Under the direction of the workshop’s founder and director, Eliza VanCort, Setton studied the Meisner Technique, which helped her gain the vital acting skills she would need to enter a career in film.
The Meisner Technique focuses on training actors on their ability to live truthfully in the moment, no matter what situation their character may be in. VanCort founded the workshop seven years ago after she studied the technique at the Actor’s Workshop of Boston.
VanCort met Setton after giving a demonstration of the workshop’s two-year program at the Roy H. Park School of Communications in 2004.
“My eyes scanned the audience and there was this stunningly beautiful young woman sitting with a few film students,” VanCort said. “Many of the other students looked a bit shocked or intimidated, but Amanda was rapt.”
Setton completed the workshop’s two-year program during her senior year. By August 2007, less than two months after graduating from the college, Setton signed with Cornerstone Talent, a small agency based out of Manhattan that caters to 75 professionals working in film, television and theater, including Sara Ramirez from “Grey’s Anatomy” and “The Sopranos’” Dominic Chianese.
Out of dozens of applicants hoping to sign with Cornerstone, Setton was one of two actors the agency picked up that year.
“She didn’t take long,” a representative of the agency said. “‘Gossip Girl’ happened fairly fast. She made quite a splash with the people at Warner Bros. when she went in to audition for something else and from that, slowly, the ‘Gossip Girl’ thing emerged.”
Before premiering her preppy character, Setton booked minor roles in two large studio productions.
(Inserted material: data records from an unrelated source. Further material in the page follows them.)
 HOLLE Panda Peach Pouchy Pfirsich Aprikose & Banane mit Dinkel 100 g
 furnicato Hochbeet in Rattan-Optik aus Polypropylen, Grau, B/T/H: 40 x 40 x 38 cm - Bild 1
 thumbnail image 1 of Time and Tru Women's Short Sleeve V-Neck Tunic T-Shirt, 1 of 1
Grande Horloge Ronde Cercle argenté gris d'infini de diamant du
In “What Happens in Vegas,” starring Ashton Kutcher and Cameron Diaz, Setton has a scene in which she seduces Kutcher into letting her into his apartment, after which she and a group of “hot girls” proceed to take over his space and have a pillow fight.
Less than two weeks later, Setton booked a role in the “Sex and the City” movie playing a girl who slaps her boyfriend outside of a nightclub after discovering he’s married during Sarah Jessica Parker’s opening monologue.
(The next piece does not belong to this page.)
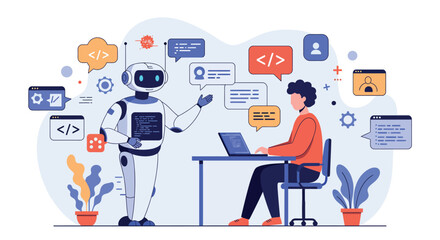 Ai robot assisting developer with coding tasks in modern workspace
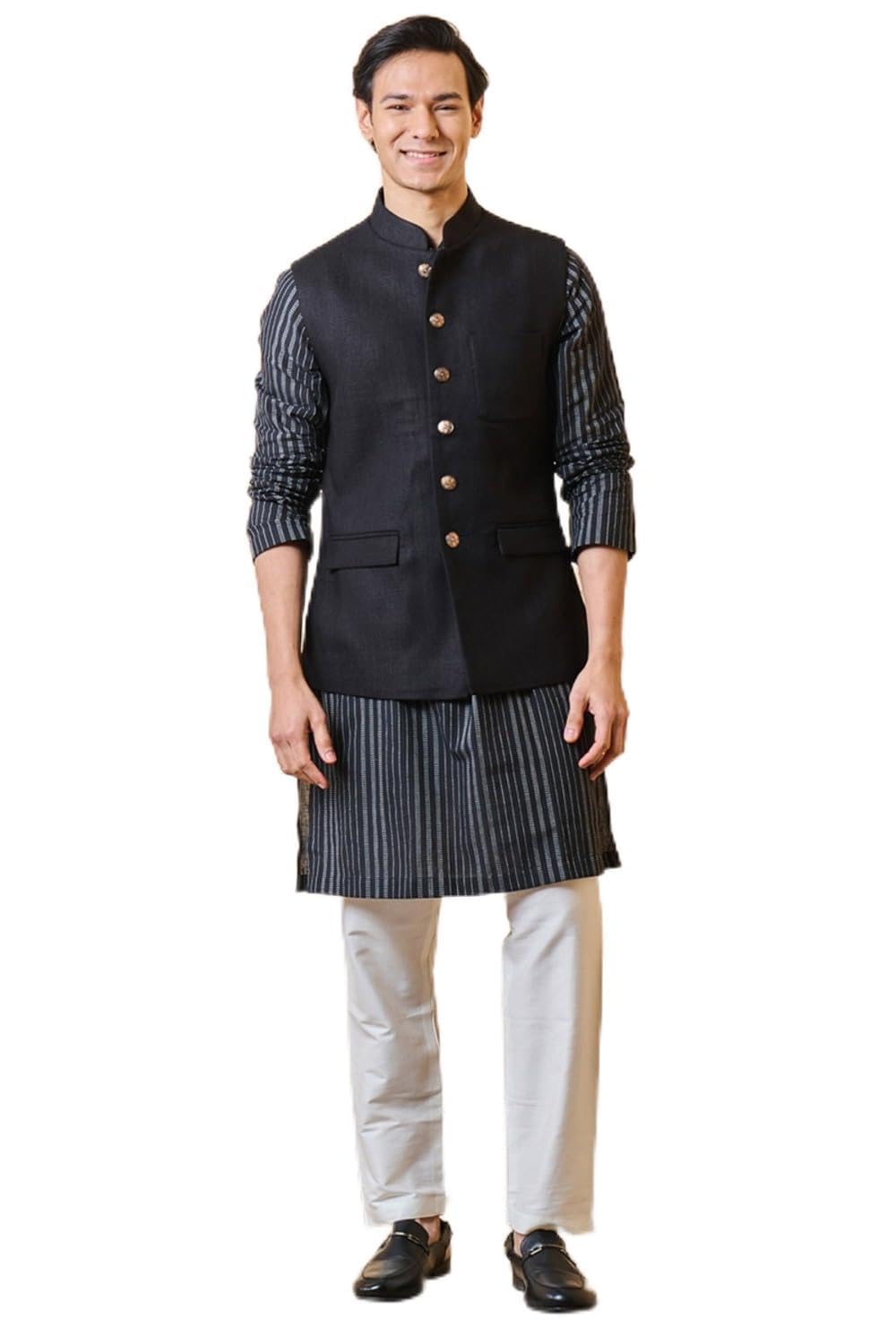 tasva Solid Black Cotton Bundi For Men-picture-53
“It was an incredible experience to even be on that set just for one day,” Setton said.
Setton’s agent at Cornerstone said he envisions a steady growth in her career in the years to come.
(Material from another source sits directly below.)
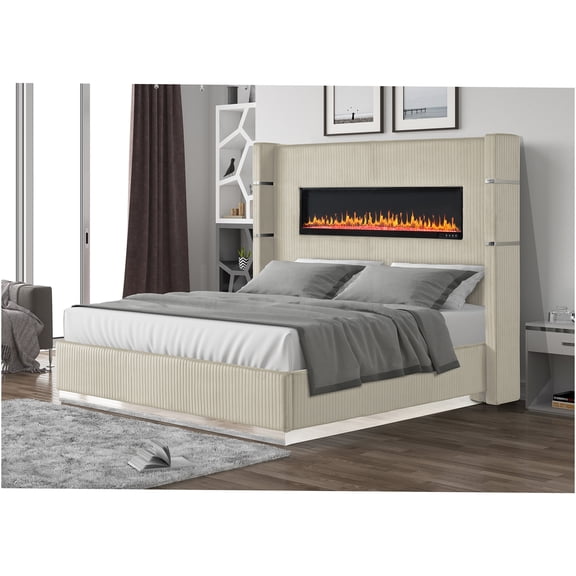 JERFIT Modern King Size Bed with LED Fireplace Bluetooth Speakers, Beige Velvet Upholstery, Wood Frame, No Box Spring Needed
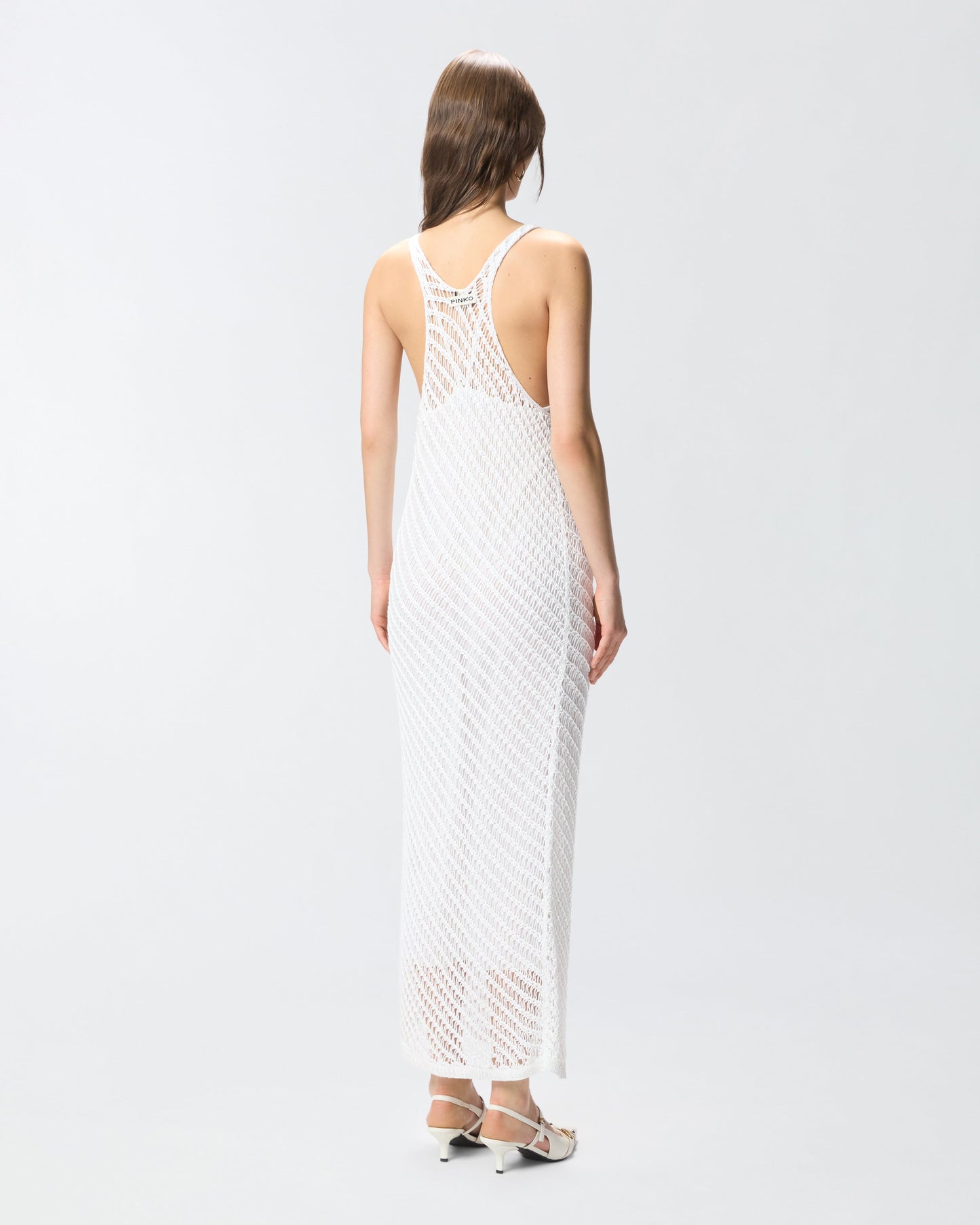 Crochet-effect midi dress with sequins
“I’m hoping that we’ll go from ‘Gossip Girl’, where she’s not one of the leads, to a series or a film or a play where she is,” the agent said.
Setton has seen the fame of her fellow cast members rise to superstar levels since joining the show last October.
“I’ve been recognized, and I have been hounded a couple of times, but I can’t imagine being Blake [Lively] or Leighton [Meester] or Chace [Crawford],” Setton said. “It’s just insane for them.”
As a student at the college, Setton completely immersed herself in working on student films to better hone her acting skills.
“I started getting my hands on any projects I could find,” she said. “A lot of my friends were film students so we’d get together and mess around with a camera in the [Garden Apartments]. I did as much as I possibly could to gain more experience on how my angles were on camera and what lighting worked best.”
Cathy Crane, assistant professor of cinema, photography and media arts, worked with Setton through placing her in films produced by her students. In addition to directing her on such films, Crane took a semester of the Actor’s Workshop with Setton.
After working with Setton both onstage and from behind the camera, Crane said she is not surprised by Setton’s success in gradually breaking into the industry.
“I just can’t wait till she has a role where you can really see her vulnerability,” Crane said. “She is so beautiful that it’s disarming, and the fact that she is quite capable of being raw and vulnerable in that space is one of those combinations that’s an ideal cinematic fantasy.”
“Gossip Girl” returns on the CW on Monday for its second season. Setton reprises her role in at least four episodes that have already been filmed and upcoming episodes to be shot in the weeks to come.
“Penelope will be back in action,” Setton said. “She’s vicious as ever.”